(RECORD EXCERPTS)

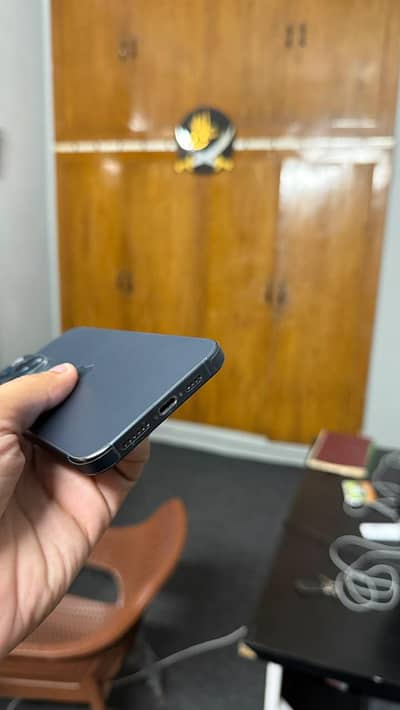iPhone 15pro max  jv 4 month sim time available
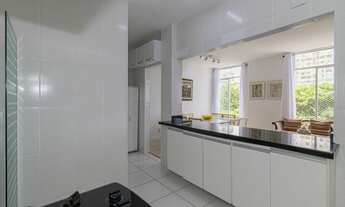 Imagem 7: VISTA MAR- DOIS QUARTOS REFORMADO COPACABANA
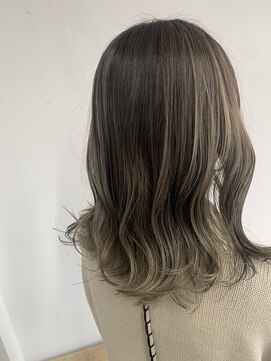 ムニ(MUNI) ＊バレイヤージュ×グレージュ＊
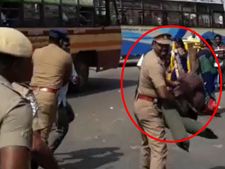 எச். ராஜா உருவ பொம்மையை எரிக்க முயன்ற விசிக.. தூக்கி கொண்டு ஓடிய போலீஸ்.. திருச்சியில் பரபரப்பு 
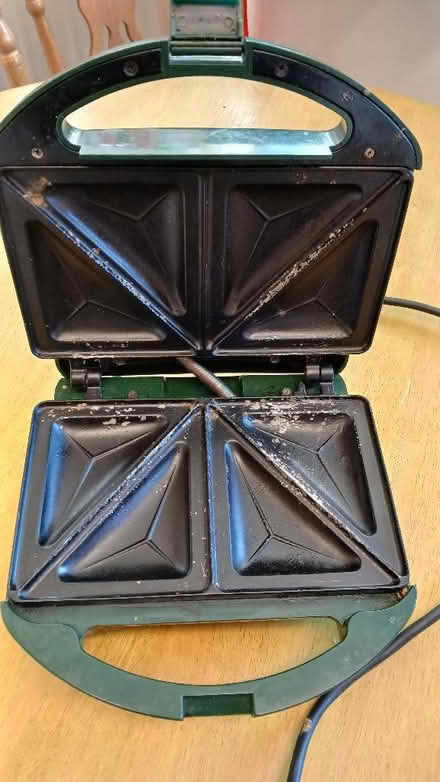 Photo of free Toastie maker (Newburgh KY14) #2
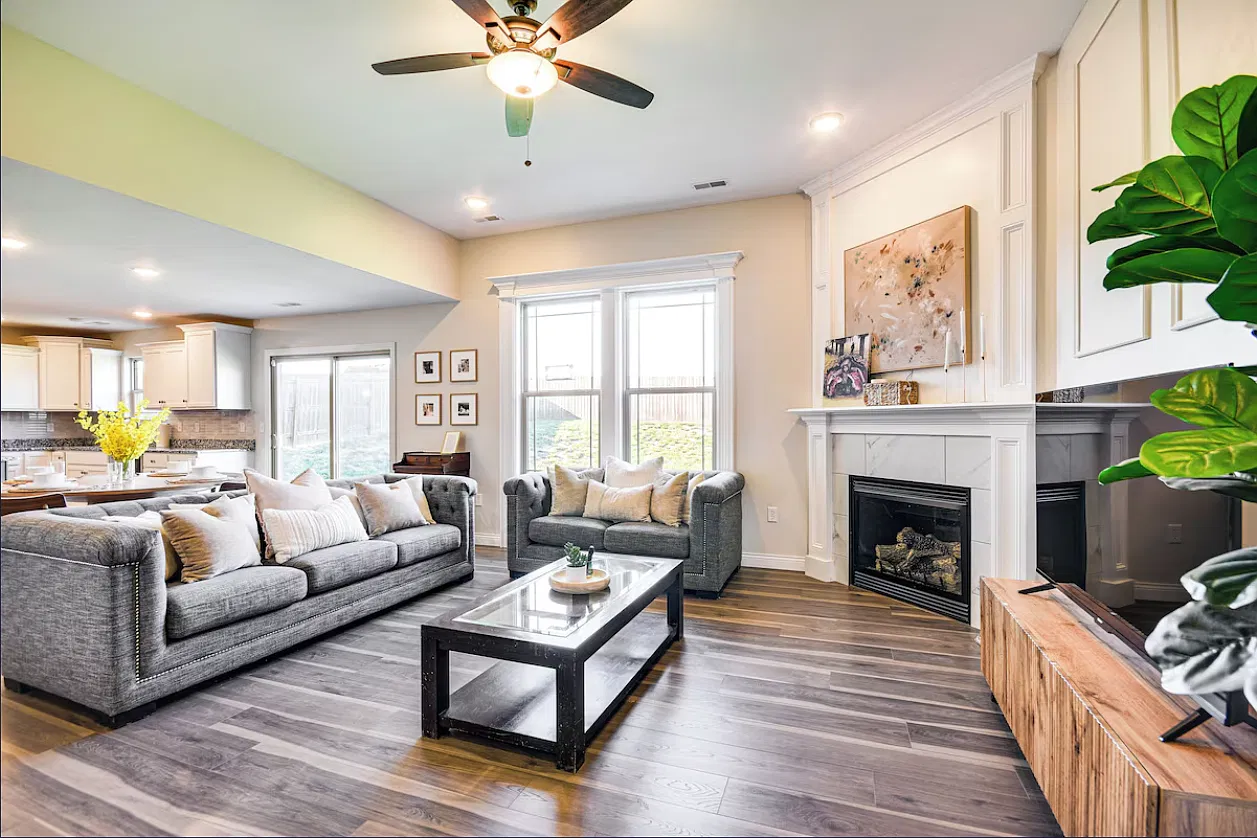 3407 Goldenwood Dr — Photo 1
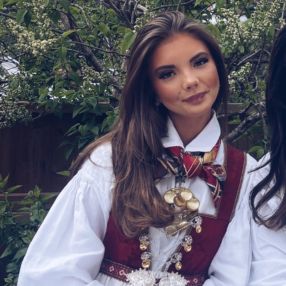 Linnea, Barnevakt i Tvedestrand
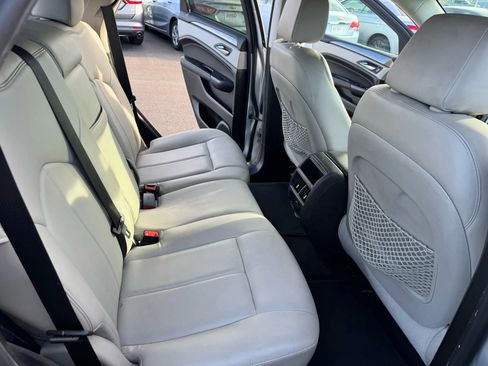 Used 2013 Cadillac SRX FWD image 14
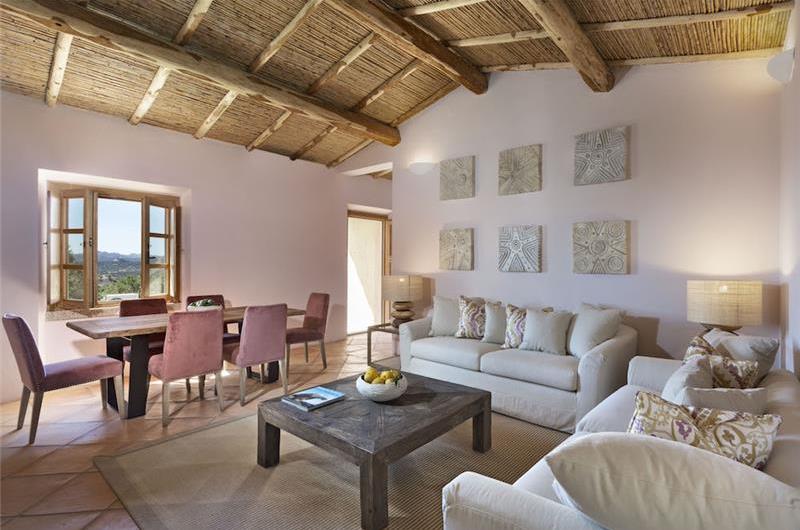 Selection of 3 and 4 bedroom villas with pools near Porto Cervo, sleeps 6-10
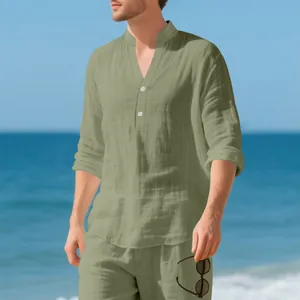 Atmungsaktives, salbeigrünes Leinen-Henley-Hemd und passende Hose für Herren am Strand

(End RECORD EXCERPTS)

## ABOUT THIS EXERCISE
Only lines from the one holding "Linnea, Barnevakt i Tvedestrand" through the last line of the entries above are wanted, both ends included, each retyped exactly; no pictures.

## RESPONSE TO THE EXERCISE
 Linnea, Barnevakt i Tvedestrand
 Used 2013 Cadillac SRX FWD image 14
 Selection of 3 and 4 bedroom villas with pools near Porto Cervo, sleeps 6-10
 Atmungsaktives, salbeigrünes Leinen-Henley-Hemd und passende Hose für Herren am Strand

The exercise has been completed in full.